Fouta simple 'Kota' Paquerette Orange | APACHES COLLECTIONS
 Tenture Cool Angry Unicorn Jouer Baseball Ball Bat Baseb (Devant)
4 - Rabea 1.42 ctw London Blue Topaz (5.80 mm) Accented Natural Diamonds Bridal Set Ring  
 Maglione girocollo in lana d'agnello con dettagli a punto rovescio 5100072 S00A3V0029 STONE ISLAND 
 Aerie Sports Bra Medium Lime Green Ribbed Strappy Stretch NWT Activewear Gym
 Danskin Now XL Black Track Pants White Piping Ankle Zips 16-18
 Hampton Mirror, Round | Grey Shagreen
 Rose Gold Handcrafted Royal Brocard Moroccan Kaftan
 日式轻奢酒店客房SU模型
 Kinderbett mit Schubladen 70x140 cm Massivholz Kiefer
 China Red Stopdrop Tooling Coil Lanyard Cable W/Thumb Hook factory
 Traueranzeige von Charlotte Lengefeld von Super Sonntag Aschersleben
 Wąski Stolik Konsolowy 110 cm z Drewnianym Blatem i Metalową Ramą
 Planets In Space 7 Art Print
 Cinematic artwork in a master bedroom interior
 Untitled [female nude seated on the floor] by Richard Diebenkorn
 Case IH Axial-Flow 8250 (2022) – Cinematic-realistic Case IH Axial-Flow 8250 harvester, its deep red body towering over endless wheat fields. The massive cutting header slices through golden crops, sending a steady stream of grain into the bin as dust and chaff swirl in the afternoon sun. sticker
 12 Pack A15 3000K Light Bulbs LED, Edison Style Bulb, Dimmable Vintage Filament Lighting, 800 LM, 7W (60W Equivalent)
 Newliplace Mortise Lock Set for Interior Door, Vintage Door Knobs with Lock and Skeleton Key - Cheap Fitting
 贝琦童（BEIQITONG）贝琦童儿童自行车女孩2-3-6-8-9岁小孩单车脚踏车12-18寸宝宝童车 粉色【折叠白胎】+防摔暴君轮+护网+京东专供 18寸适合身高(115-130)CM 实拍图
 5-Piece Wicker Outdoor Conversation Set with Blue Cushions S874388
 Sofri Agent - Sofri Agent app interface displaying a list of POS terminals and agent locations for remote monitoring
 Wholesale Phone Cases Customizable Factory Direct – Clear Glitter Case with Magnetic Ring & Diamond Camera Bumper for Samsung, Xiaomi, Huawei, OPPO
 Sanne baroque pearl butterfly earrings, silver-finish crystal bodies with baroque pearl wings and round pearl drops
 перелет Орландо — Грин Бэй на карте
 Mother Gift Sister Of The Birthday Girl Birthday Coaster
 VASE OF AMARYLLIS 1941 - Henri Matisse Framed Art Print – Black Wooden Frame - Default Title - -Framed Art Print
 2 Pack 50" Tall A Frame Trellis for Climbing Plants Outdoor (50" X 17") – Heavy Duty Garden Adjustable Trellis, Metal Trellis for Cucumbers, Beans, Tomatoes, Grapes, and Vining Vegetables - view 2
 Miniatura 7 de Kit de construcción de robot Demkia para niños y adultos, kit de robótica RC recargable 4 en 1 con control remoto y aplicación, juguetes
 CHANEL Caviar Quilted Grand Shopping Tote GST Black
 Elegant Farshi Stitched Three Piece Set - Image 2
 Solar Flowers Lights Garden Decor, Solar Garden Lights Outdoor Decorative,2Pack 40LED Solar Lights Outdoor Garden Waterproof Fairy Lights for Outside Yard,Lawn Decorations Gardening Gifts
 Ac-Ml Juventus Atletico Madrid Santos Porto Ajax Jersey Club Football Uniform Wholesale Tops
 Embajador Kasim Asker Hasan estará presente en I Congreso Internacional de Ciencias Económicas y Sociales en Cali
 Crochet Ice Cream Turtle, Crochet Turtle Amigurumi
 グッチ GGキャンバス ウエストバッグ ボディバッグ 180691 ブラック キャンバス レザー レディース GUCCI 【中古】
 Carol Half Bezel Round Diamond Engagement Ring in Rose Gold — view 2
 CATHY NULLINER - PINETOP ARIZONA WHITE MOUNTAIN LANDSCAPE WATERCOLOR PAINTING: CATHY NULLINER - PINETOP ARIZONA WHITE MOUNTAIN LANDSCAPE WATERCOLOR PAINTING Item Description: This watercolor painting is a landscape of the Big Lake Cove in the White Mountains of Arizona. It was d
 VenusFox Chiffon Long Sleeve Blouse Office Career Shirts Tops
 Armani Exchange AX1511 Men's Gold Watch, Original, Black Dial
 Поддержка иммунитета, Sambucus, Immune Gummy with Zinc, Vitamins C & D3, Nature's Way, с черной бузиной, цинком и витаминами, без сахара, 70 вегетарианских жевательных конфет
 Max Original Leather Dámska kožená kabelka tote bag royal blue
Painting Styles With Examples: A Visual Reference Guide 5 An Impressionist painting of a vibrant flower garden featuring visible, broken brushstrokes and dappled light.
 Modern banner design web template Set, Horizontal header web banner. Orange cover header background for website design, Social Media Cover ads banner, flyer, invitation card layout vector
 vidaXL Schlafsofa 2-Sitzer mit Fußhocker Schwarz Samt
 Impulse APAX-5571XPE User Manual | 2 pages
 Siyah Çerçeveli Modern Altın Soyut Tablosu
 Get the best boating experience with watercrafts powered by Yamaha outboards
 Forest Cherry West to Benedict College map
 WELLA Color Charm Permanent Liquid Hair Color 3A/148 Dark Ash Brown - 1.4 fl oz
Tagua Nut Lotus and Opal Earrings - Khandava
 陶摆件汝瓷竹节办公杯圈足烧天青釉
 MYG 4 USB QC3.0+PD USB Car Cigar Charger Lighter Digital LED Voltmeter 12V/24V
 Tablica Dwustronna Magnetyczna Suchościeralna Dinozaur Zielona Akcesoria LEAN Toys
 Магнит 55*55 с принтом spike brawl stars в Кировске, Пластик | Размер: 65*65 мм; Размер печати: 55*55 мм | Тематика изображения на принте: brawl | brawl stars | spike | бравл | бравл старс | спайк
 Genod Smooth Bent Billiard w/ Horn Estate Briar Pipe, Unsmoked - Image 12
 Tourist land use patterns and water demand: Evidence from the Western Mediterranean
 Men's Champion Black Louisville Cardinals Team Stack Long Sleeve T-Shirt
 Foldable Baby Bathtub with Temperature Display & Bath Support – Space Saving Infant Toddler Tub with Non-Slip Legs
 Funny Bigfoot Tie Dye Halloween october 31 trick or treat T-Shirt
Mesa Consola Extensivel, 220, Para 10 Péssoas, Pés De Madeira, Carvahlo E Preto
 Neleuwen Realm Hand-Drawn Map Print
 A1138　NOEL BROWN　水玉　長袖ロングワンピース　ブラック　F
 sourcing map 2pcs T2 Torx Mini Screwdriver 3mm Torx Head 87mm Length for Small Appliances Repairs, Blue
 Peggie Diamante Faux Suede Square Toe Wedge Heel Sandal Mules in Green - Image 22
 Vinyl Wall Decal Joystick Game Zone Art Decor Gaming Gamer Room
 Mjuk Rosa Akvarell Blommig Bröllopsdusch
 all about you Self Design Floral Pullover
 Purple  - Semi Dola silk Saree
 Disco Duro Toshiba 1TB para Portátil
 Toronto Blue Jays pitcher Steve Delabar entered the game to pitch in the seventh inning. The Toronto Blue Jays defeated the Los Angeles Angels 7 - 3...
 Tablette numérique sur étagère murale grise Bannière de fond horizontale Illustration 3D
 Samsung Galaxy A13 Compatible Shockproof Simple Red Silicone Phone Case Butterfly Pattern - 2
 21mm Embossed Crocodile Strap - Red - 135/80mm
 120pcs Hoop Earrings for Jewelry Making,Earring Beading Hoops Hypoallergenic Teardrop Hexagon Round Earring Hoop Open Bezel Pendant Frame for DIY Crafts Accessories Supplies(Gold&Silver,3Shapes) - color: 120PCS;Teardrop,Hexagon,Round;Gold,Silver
——
WORK TO COMPLETE:
Repeat, exactly as they stand above, the lines from the line with "Solar Flowers Lights" to the line with "Embajador Kasim Asker", both lines included.

EXERCISE OUTPUT:
 Solar Flowers Lights Garden Decor, Solar Garden Lights Outdoor Decorative,2Pack 40LED Solar Lights Outdoor Garden Waterproof Fairy Lights for Outside Yard,Lawn Decorations Gardening Gifts
 Ac-Ml Juventus Atletico Madrid Santos Porto Ajax Jersey Club Football Uniform Wholesale Tops
 Embajador Kasim Asker Hasan estará presente en I Congreso Internacional de Ciencias Económicas y Sociales en Cali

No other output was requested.